The two-day event will feature nine area churches and the Columbia Basin Board of Realtors. Rev. Terry Haight of Hermiston Assembly of God Church is excited about the increased involvement of the faith-based community.

“They are jumping on board with it,” Haight said. “Also, I know there are other groups that independently approach and do things with the city.”

As summer turned to fall in 2016, members of Hermiston Assembly first organized the initiative. Donning red T-shirts emblazoned with “I Love My City,” about 70 volunteers spread out across the city to be of service to others. They organized a pair of car washes, distributed food and drinks at local parks, held a block party and went door-to-door offering to pray with people.

A season of change sprouted as church parishioners sought ways to promote healing in the community after several tragedies. The idea, Haight said, was to spread God’s love through simple and practical ways.

A spring cleanup effort will take place 9 a.m. to noon on Saturday. People who aren’t connected to a specific church that’s involved can register at www.ilovehermiston.com or meet at McKenzie Park for instructions and work crew assignments.

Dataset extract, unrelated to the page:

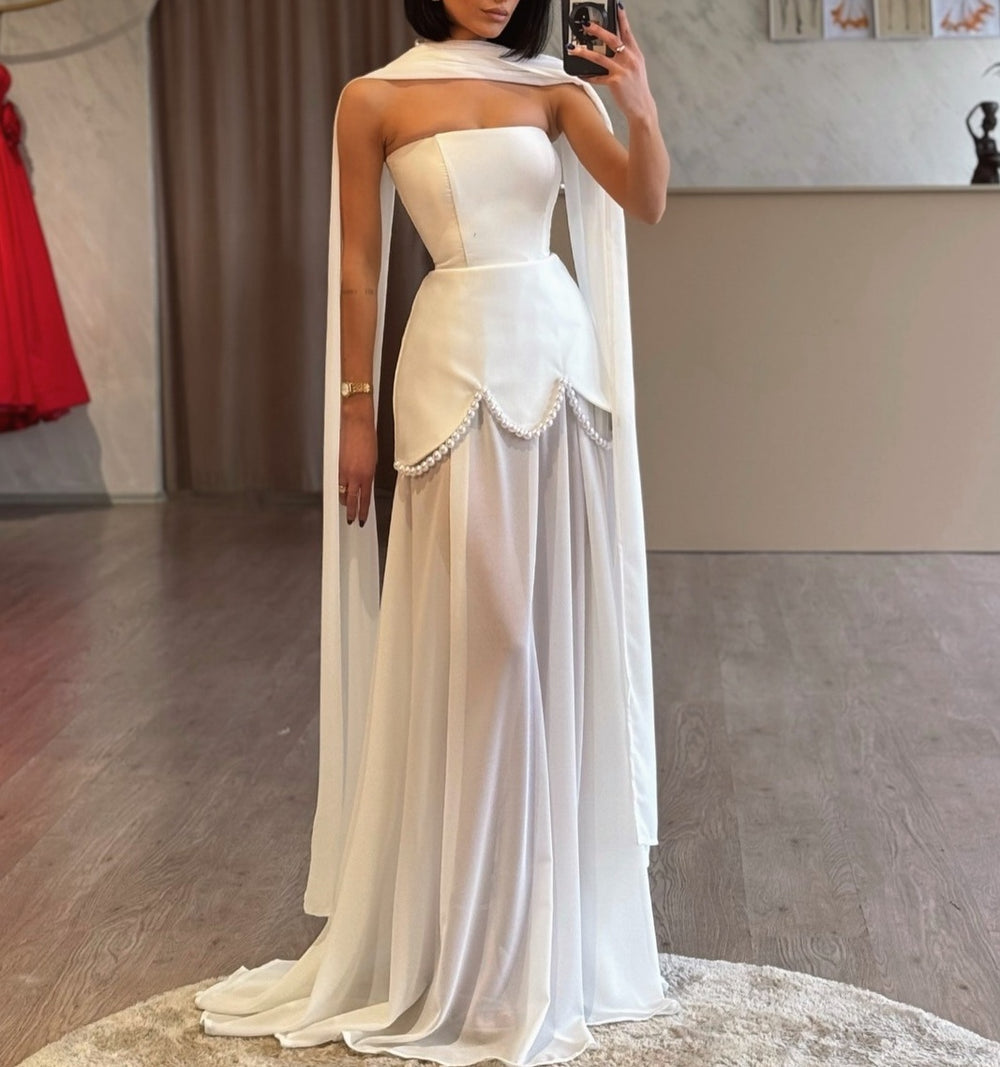 Sheath/Column Elegant Evening Dress Off Shoulder Sleeveless Floor Length Formal Wedding Dress with Pearls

In addition to targeted cleanup areas, it will include free car washes at Les Schwab Tire Center, 830 N. First St., and Smitty’s Ace Hardware, 1845 N. First St. Also, “I Love My City” T-shirts are available for $10.

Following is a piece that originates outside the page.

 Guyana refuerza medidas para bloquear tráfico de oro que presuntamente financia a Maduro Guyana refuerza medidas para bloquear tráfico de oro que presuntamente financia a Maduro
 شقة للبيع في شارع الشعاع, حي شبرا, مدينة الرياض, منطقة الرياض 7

The worship service is Sunday at 10 a.m. at Eastern Oregon Trade and Event Center, 1705 Airport Road, Hermiston. The faith-based community will gather and worship as one body of believers, Haight said. Childcare will be provided for kids up to age 5. Children 6 and over are encouraged to sit with their families during the service.

“It’s a bi-lingual service with various pastors. We try to get as many people involved as possible,” Haight said. “It’s a relationship-building opportunity among the churches.”

Since the initial “I Love My City” event, nearly a dozen churches have joined the effort. The idea is to organize community service activities several times a year — everything from cleanup efforts and car washes to gift-wrapping and children’s activities. Sometimes it’s one church or several congregations working in conjunction with each other. Then, the churches all come together once a year to do a larger organized effort and hold a combined church service, Haight said.

The combined efforts have grown — the first year included 300 volunteers, which increased to 400 last year. And, 800 people attended the combined worship service in 2017, increasing to 1,200 last year. With the involvement of additional churches, Haight is hoping for 500 volunteers and would love to see as many, if not more, people at the service.

“We want to get as many people involved as possible,” he said. “Also, it’s not something we just do once a year. ‘I Love My City’ should be a lifestyle.”